Funding
ShengShu Technology Raises Over $86 Million in Series A+ Funding to Push Multimodal AI Boundaries

ShengShu Technology has completed a Series A+ funding round exceeding RMB 600 million (approximately $86 million USD), marking a major milestone for the company as it scales its multimodal foundation models for both digital and physical-world applications. The round was co-led by Zhongguancun Science City and LINK-X CAPITAL, with strategic participation from Wondershare, Visual China Group, and TRS. Several existing investors also increased their commitments, underscoring continued confidence in ShengShu’s technical direction and commercial progress.
The new capital arrives at a moment when multimodal AI systems are moving from experimental tools toward infrastructure that underpins real-world production.
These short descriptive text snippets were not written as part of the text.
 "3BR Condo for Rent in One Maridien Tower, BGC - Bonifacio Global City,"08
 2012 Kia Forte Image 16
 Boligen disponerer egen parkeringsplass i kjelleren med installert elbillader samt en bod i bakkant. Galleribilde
ShengShu’s trajectory reflects that shift, with research breakthroughs increasingly translating into deployed products used across industries.
From Early Research to Commercial-Grade Models
ShengShu Technology was among the earliest teams globally to focus on multimodal generative algorithms as a core research direction. In 2022, the company introduced the U-ViT architecture, helping establish a technical foundation for models capable of reasoning across text, image, and video. This research-first approach set the stage for the launch of Vidu in mid-2024.
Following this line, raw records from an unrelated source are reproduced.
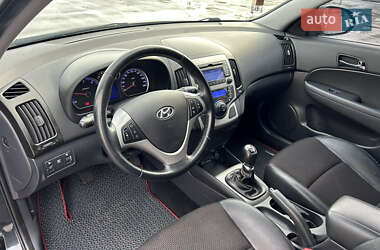 Хэтчбек Hyundai i30 2011 в 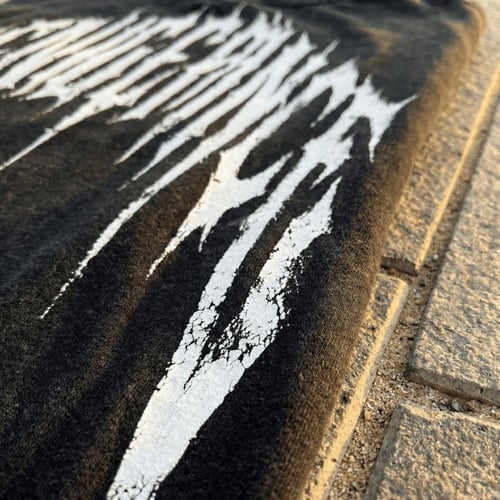 تيشيرت فينجنس اسود.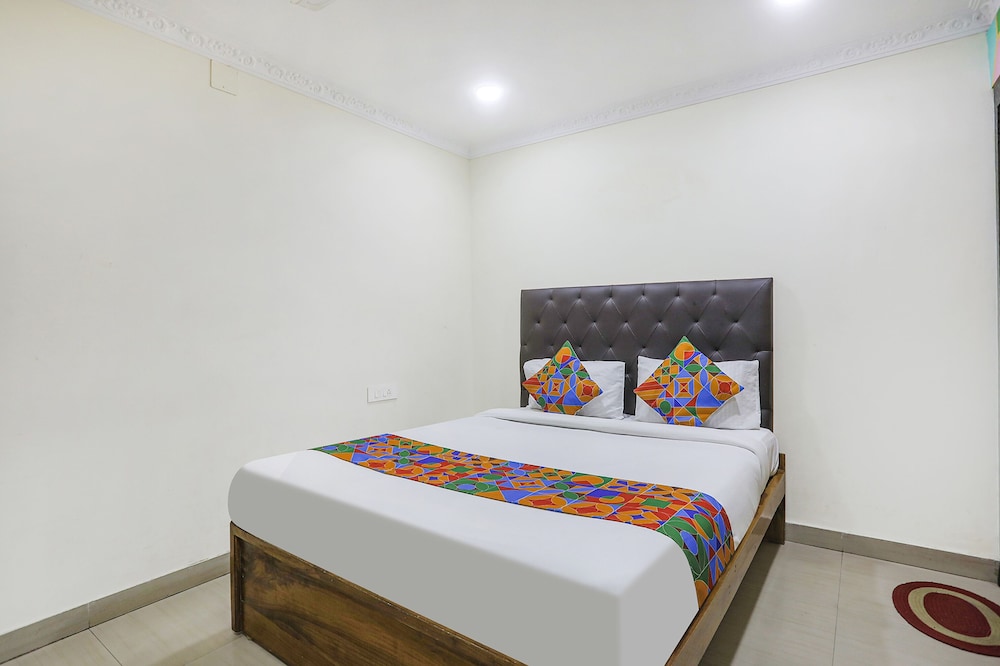 Deluxe Room - Photo 4
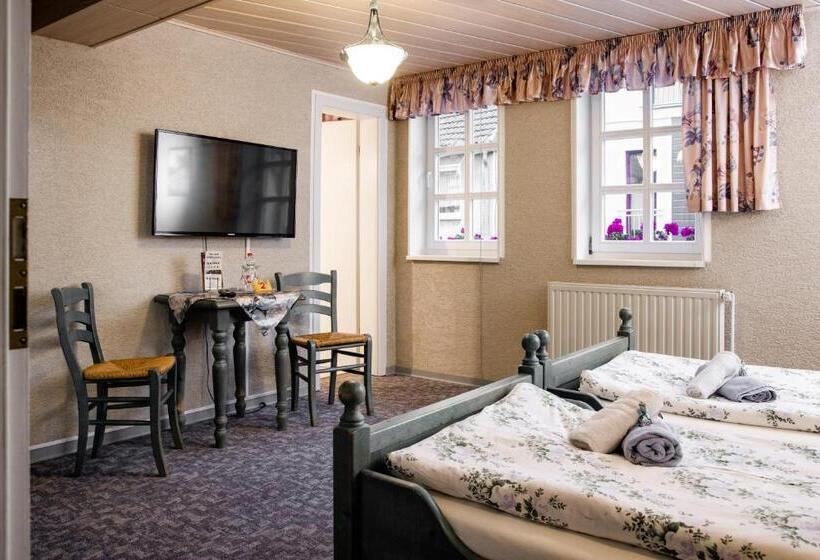 Номер Стандарт, Pension Zur Krone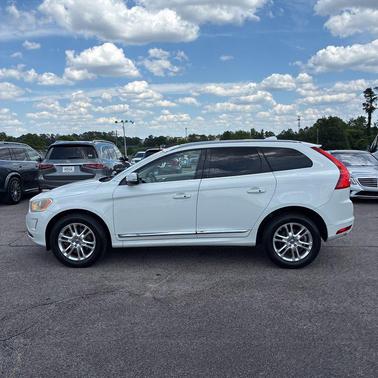 Ice White 2014 Volvo XC60 3.2 Premier Plus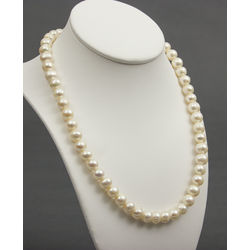 Pearl necklace with silver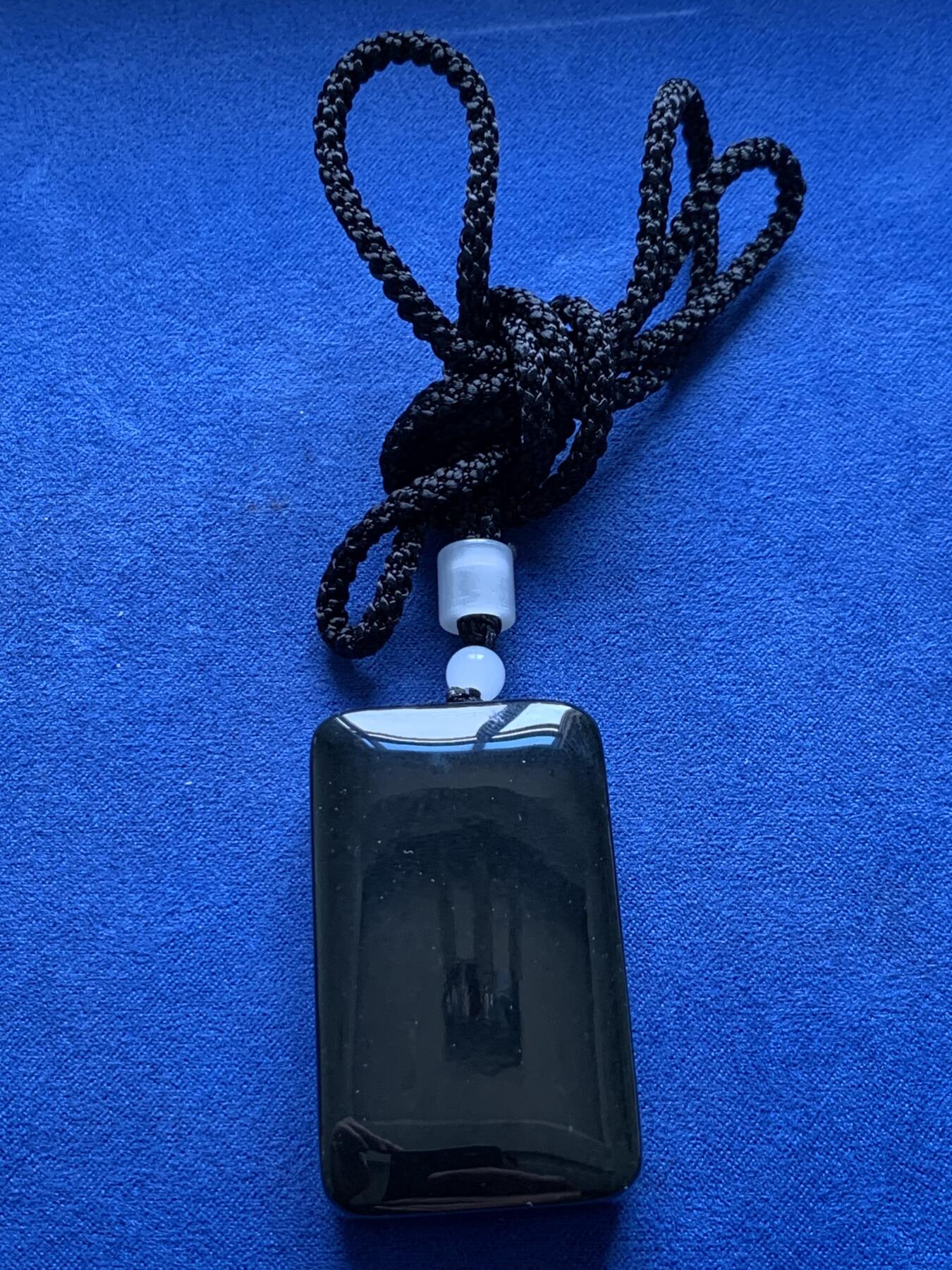 《竞宝斋》第434场 周日，周一2场连拍 （全场包邮） 墨色玉牌平安无事牌，50*30.3mm，总重约50克，抛光非常美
Vidu entered the market with a Reference-to-Video capability that moved beyond conventional text-to-video or image-to-video generation. Rather than treating each frame as an isolated output, the system was designed to preserve multi-entity consistency across scenes, addressing a long-standing challenge in commercial video generation. Since launch, ShengShu has iterated rapidly, releasing successive versions that improved semantic understanding, motion stability, visual coherence, and inference speed.
The most recent release, Vidu Q3, reflects a deliberate focus on storytelling. The model supports synchronized audio-video generation up to 16 seconds, native 1080p output, precise shot transitions, multilingual text rendering, and multi-language output. These capabilities position the system closer to production workflows, rather than short-form experimental clips.
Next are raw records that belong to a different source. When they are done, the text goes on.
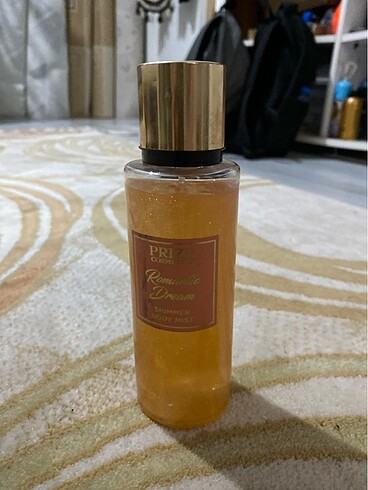 Body mist simli vücut spreyi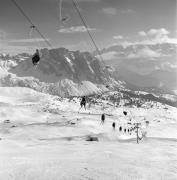 Skifahrer (Positivo) di Foto Elisabeth Fuchs-Hauffen, Überlingen/Bodensee,Fuchs-Hauffen, Elisabeth (1968/03/01 - 1968/03/31)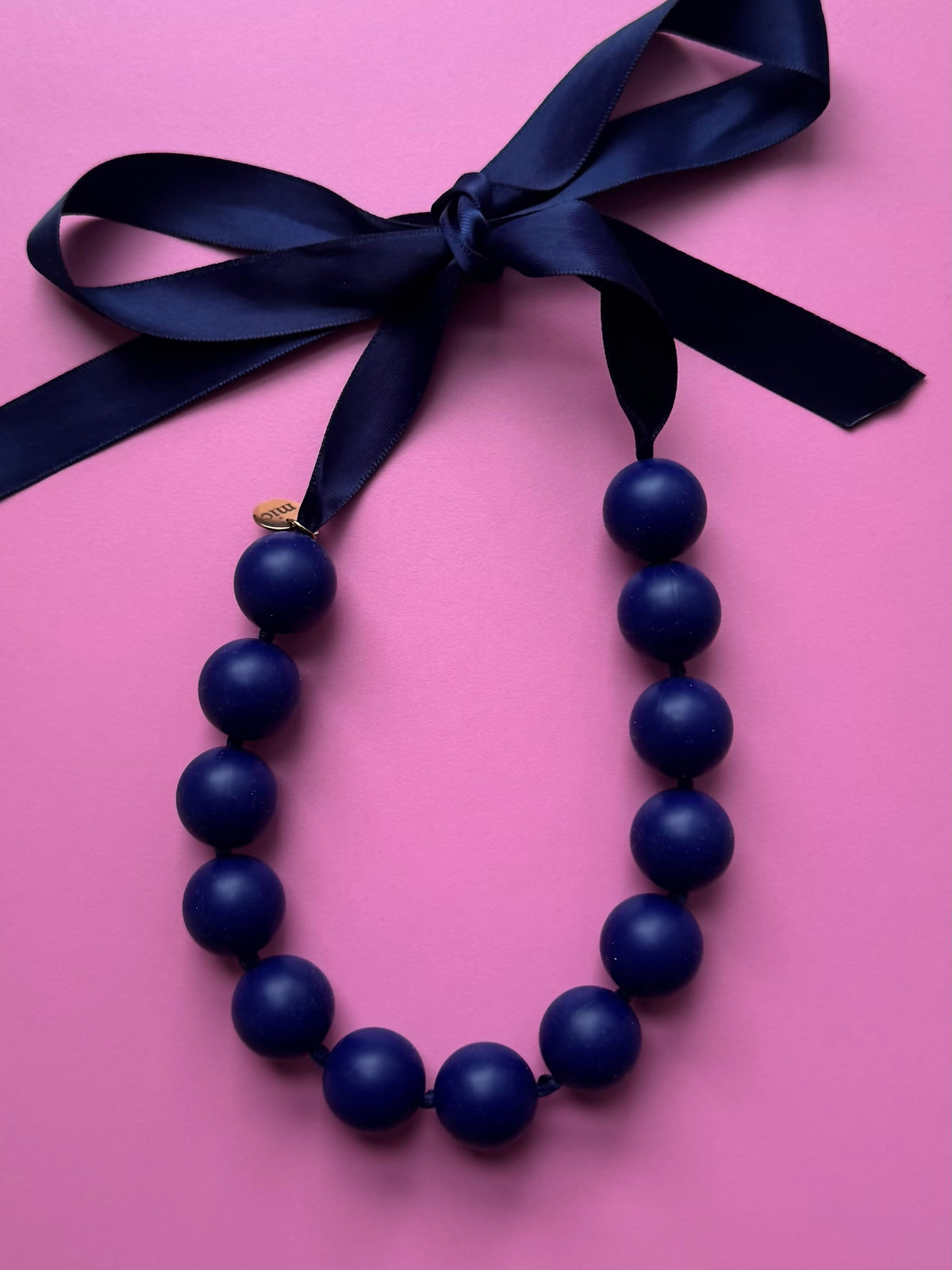 Halsband Mörkblått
Performance, Speed, and Open Innovation
Beyond output quality, ShengShu has emphasized efficiency as a competitive differentiator. In late 2025, the company open-sourced its TurboDiffusion framework, a move that significantly reduced video generation latency. With this framework, a five-second video can be generated in under two seconds on a single high-end GPU, representing orders-of-magnitude gains compared to earlier approaches.
This focus on speed is not just a technical benchmark. Lower latency and compute requirements directly affect the feasibility of deploying multimodal models at scale, especially for interactive applications and real-time creative tools. By reducing the cost and time required to generate high-quality video, ShengShu is pushing multimodal AI closer to everyday use in professional environments.
Expanding Adoption Across Creative and Enterprise Markets
ShengShu has built a broad product ecosystem around Vidu, spanning managed services, SaaS offerings, applications, and agent-based tools. These products now serve creators, studios, and enterprises across more than 200 countries and regions. In 2025, the company reported more than tenfold growth in both users and revenue, indicating accelerating adoption.
In film and entertainment, Vidu is used across animation, short-form production, and feature workflows, with engagement across content owners, tool providers, and production studios. In parallel, internet platforms and smart hardware companies are applying the technology to marketing asset creation, interactive content, and product innovation.
Advertising and gaming have emerged as additional areas of traction. Brands and agencies use Vidu to scale video production for campaigns, while game developers deploy it for advertising content and scene generation. Internationally, the platform is gaining traction among creative tool developers and enterprise users, with applications extending into education, broadcasting, and cultural tourism.
The Broader Implications of Multimodal AI
The progress of multimodal foundation models has implications far beyond video creation. By integrating text, image, audio, and motion into unified systems, these models enable machines to interpret context in a way that more closely resembles human perception. For industries, this means faster production cycles, lower barriers to entry for high-quality content, and new forms of interaction between humans and software.
At the same time, the maturation of multimodal AI raises important questions around authenticity, intellectual property, and responsible deployment. As generated video becomes increasingly realistic, technical safeguards and governance frameworks will be essential to maintain trust in digital media.
Looking ahead, multimodal models are likely to play a role not only in digital workflows but also in physical-world systems, from robotics and simulation to smart environments. ShengShu Technology’s latest funding round positions it to participate in that transition, as multimodal AI shifts from a creative novelty into a foundational layer of next-generation productivity.